Model train maker Hornby reported a widening of its pre-tax loss in the six months to the end of September as revenue declined but said its turnaround plan was progressing well.

The company – which outlined plans to turn the business around back in June following a string of profit warnings – reported a pre-tax loss of £4.7m versus a £4.5m loss the year before as group revenue fell to £21.9m from £22.3m and UK distribution costs increased.

Chief executive Steve Cooke said: “We are making good progress with the Hornby turnaround. We are delivering the structural changes to reduce business scale and costs and to streamline the European operating model. We are currently focussed on the Christmas trading period as well as ongoing stock reduction initiatives.

"The group has traded steadily during the first half of the year but revenue is expected to decline significantly year on year in the second half as the planned rationalisation of product lines, channels and certain international brands takes effect.

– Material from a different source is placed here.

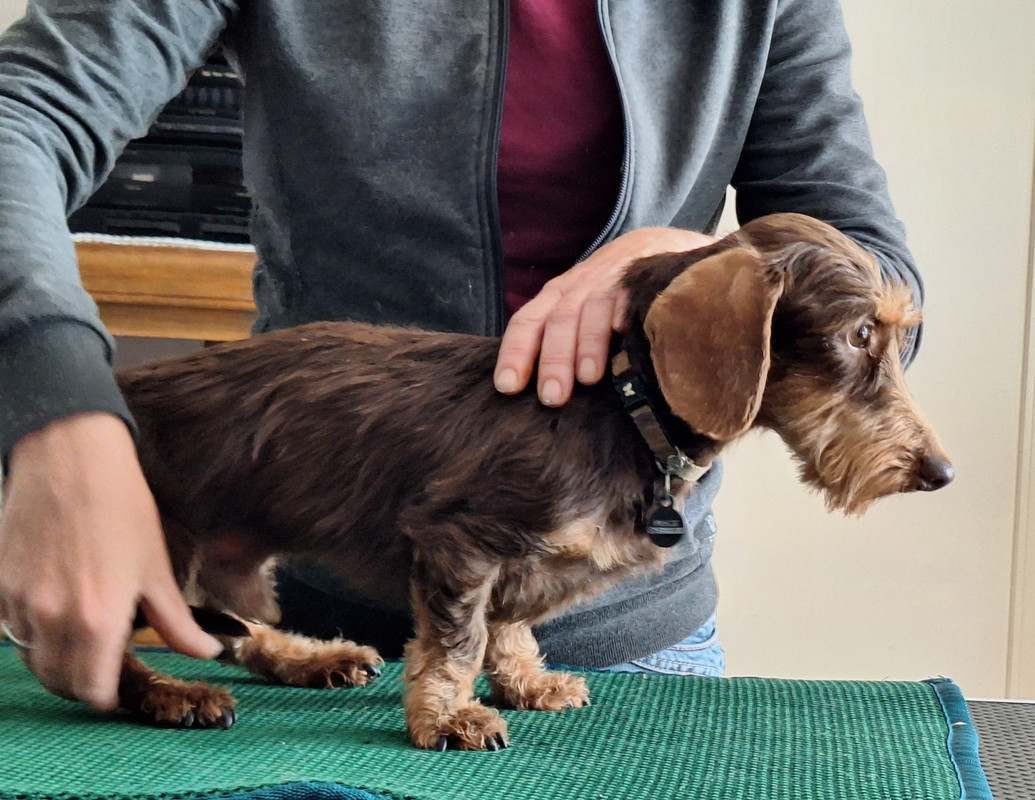 [Image: 20240702-163909.jpg]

We remain confident of meeting the board's financial targets for this financial year."

Hornby also said on Thursday that sterling’s weakening versus the dollar since the UK’s vote to leave the European Union could have a material effect on the group’s future results as it purchases goods in US dollar and sells in pounds, euro and USD.

The company said it continues to hedge short-term exposures by establishing forward currency purchases using fixed rate and participating forward contracts up to twelve months ahead.

But it also said it would look to recover the increased purchasing costs by lifting prices “alongside many other businesses in the industry”.

At 0933 GMT, the shares were down 5.7% to 29.48p.